» **Items listed in a dataset**:
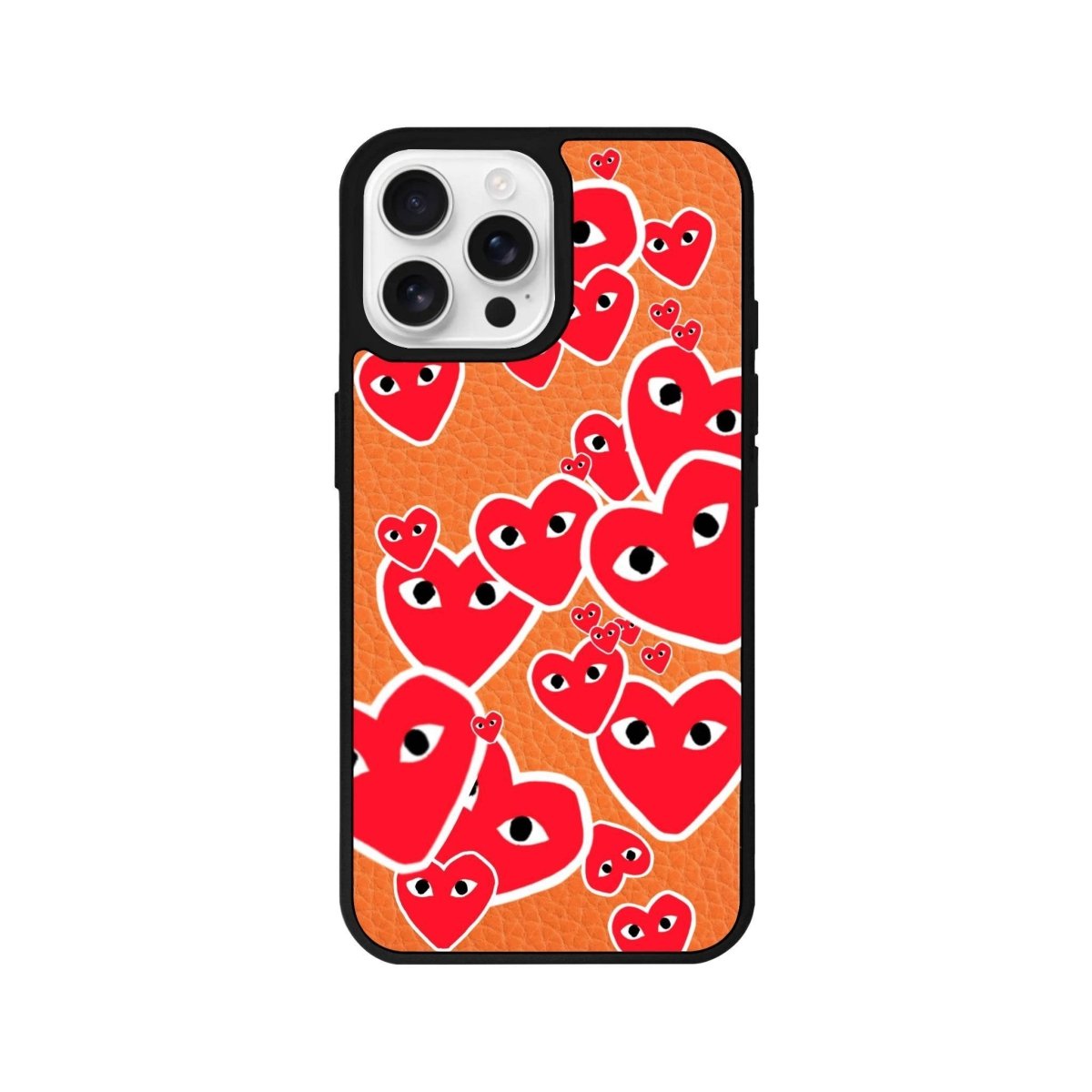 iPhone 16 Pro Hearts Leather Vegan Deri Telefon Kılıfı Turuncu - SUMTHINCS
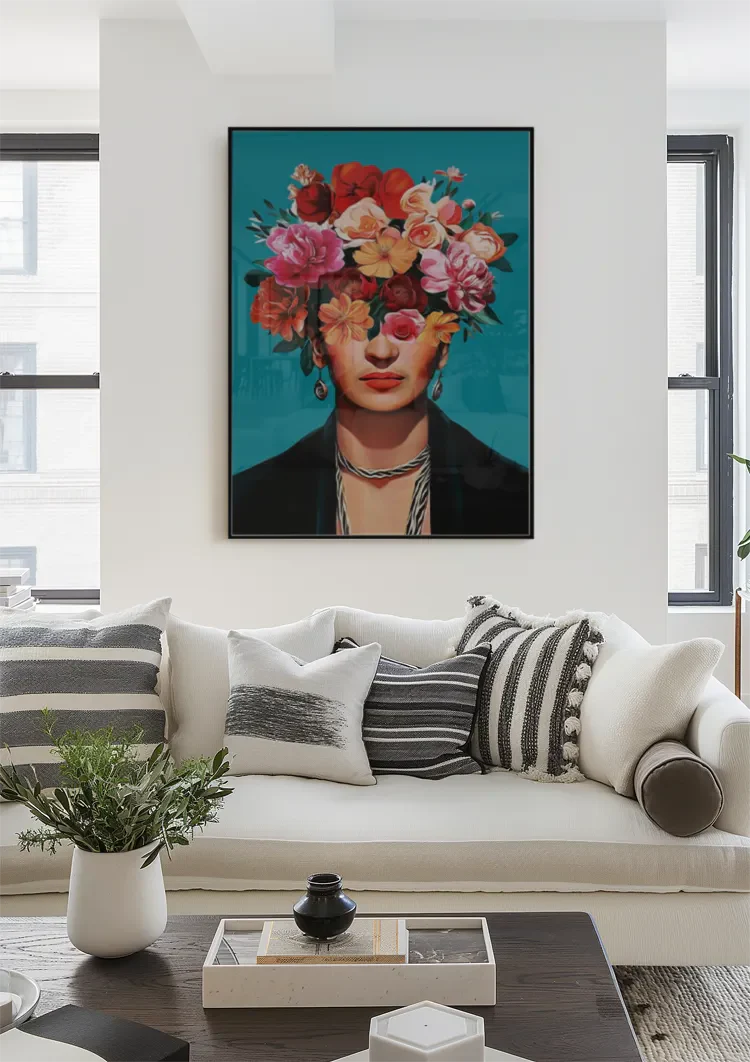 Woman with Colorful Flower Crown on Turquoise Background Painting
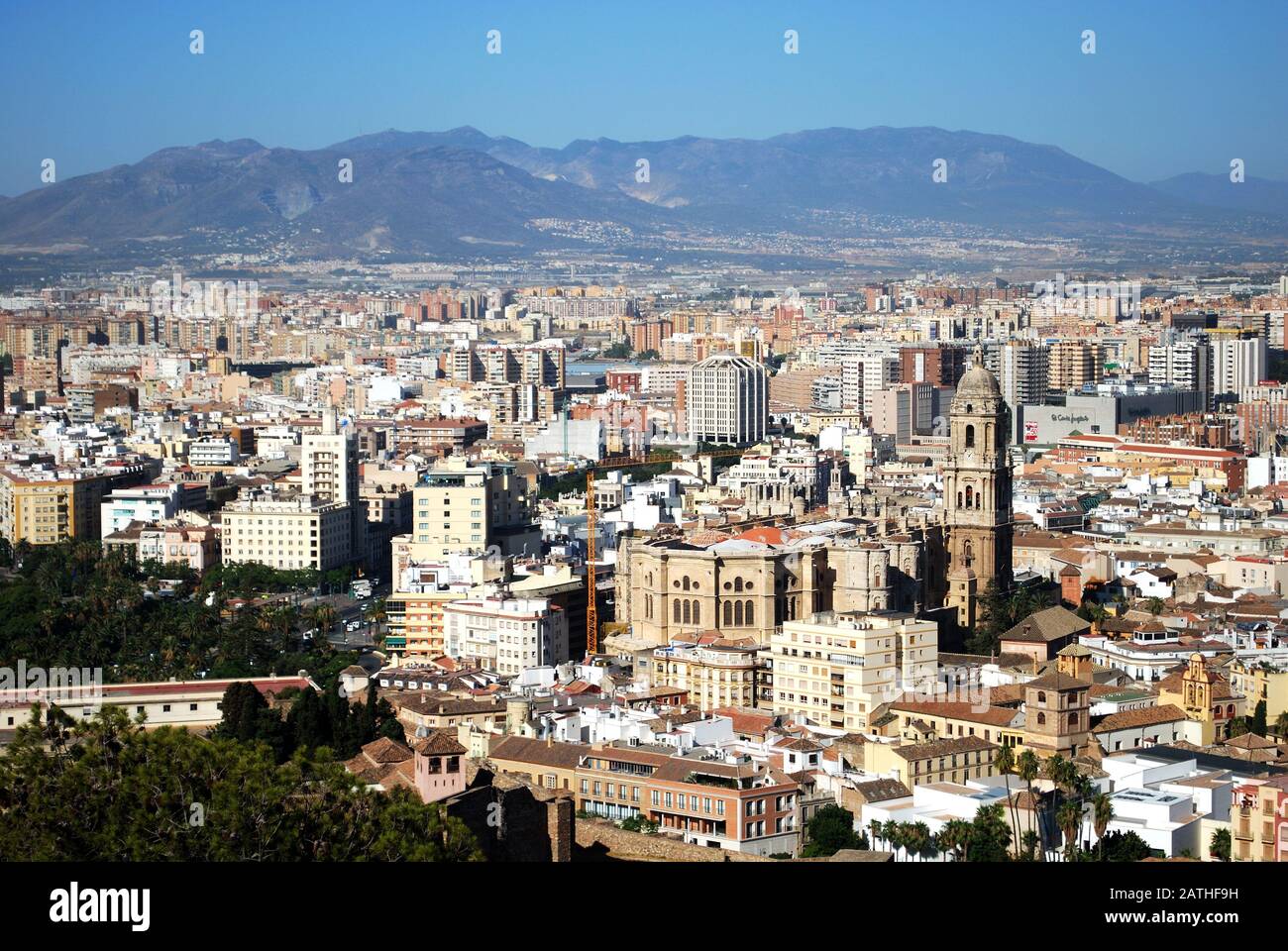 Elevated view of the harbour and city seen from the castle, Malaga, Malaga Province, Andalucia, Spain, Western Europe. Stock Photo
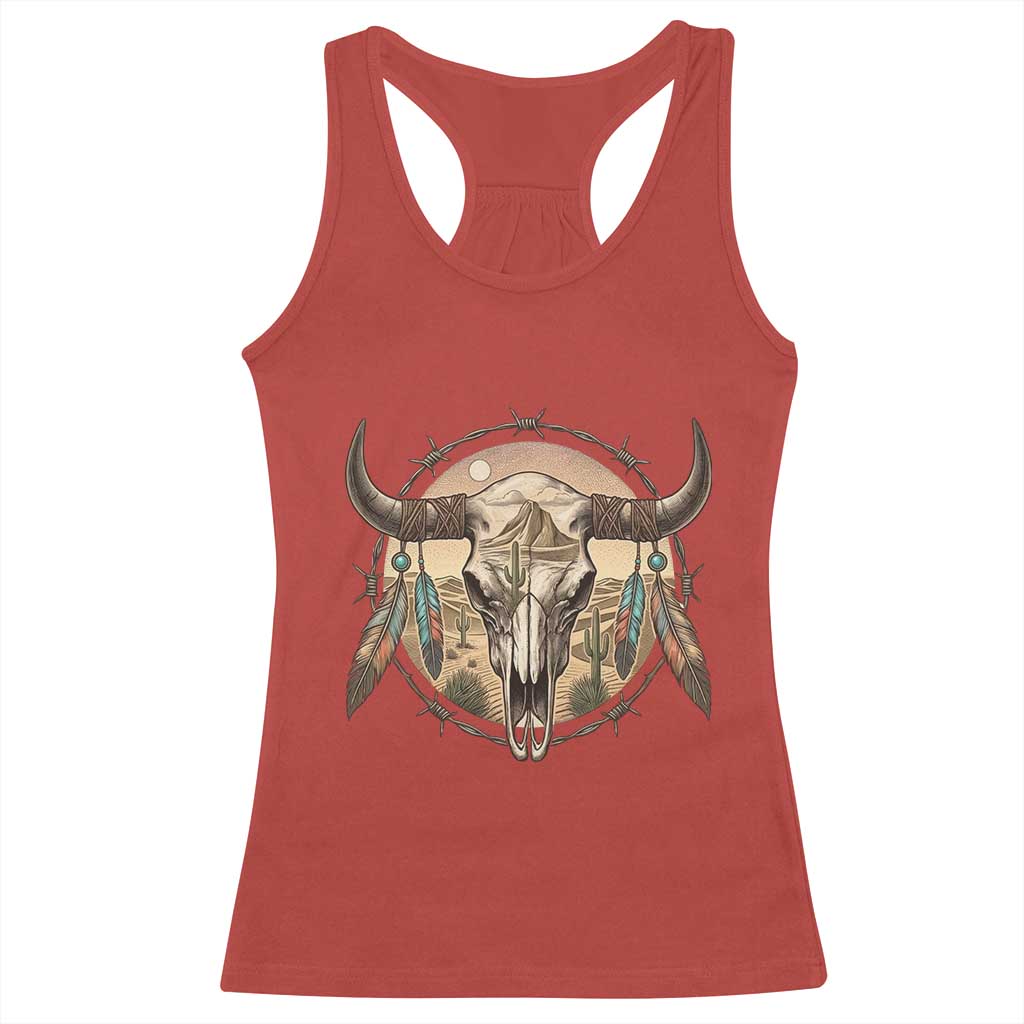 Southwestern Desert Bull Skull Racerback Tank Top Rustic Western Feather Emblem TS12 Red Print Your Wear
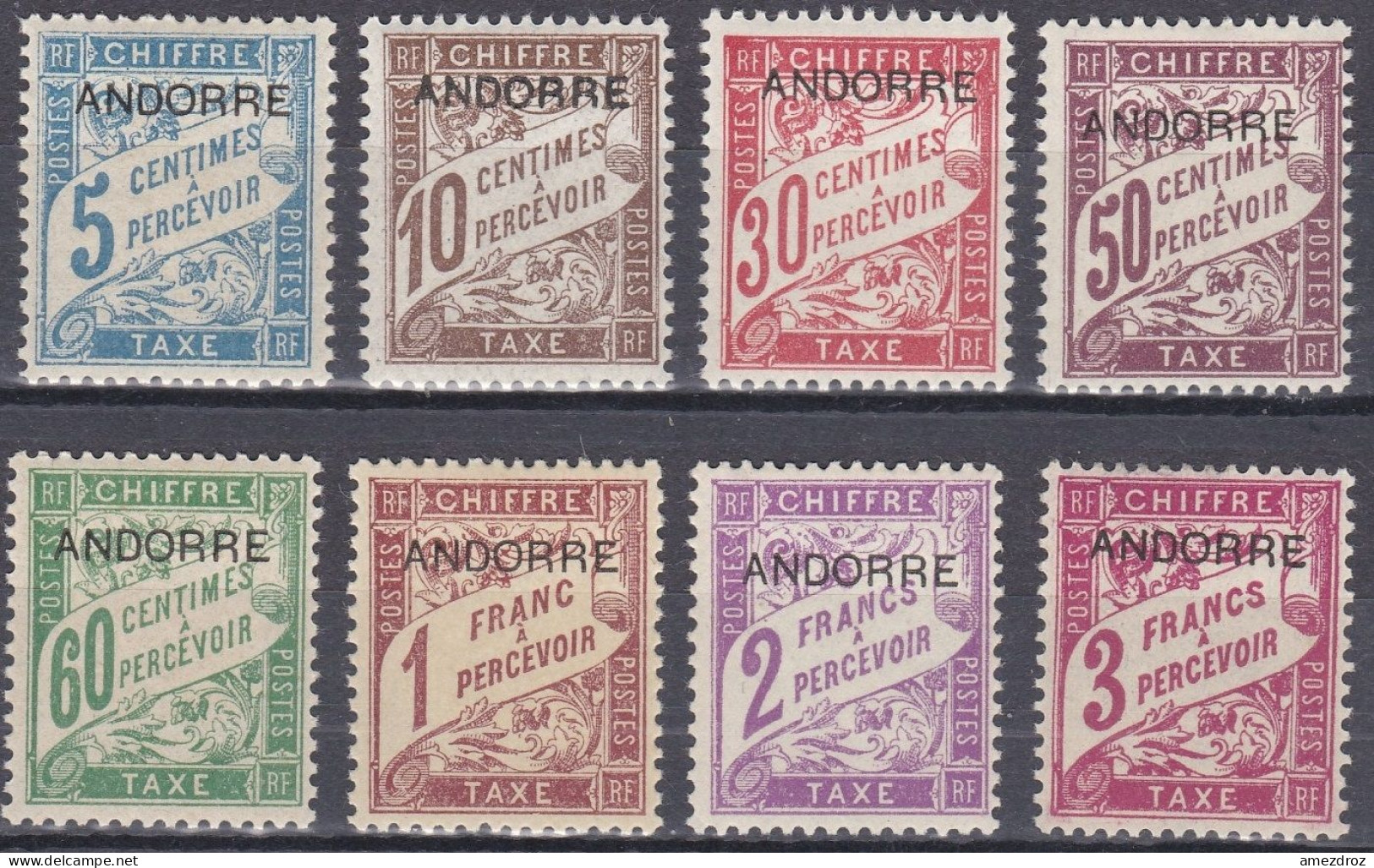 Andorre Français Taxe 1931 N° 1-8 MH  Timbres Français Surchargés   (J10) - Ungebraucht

» **ASSIGNMENT**: Starting at the line with "Elevated view of", reproduce exactly each line through the end of the entries, including the first and the last, and skip the pictures.

» **SOLUTION TO THE PROBLEM**:
 Elevated view of the harbour and city seen from the castle, Malaga, Malaga Province, Andalucia, Spain, Western Europe. Stock Photo
 Southwestern Desert Bull Skull Racerback Tank Top Rustic Western Feather Emblem TS12 Red Print Your Wear
 Andorre Français Taxe 1931 N° 1-8 MH  Timbres Français Surchargés   (J10) - Ungebraucht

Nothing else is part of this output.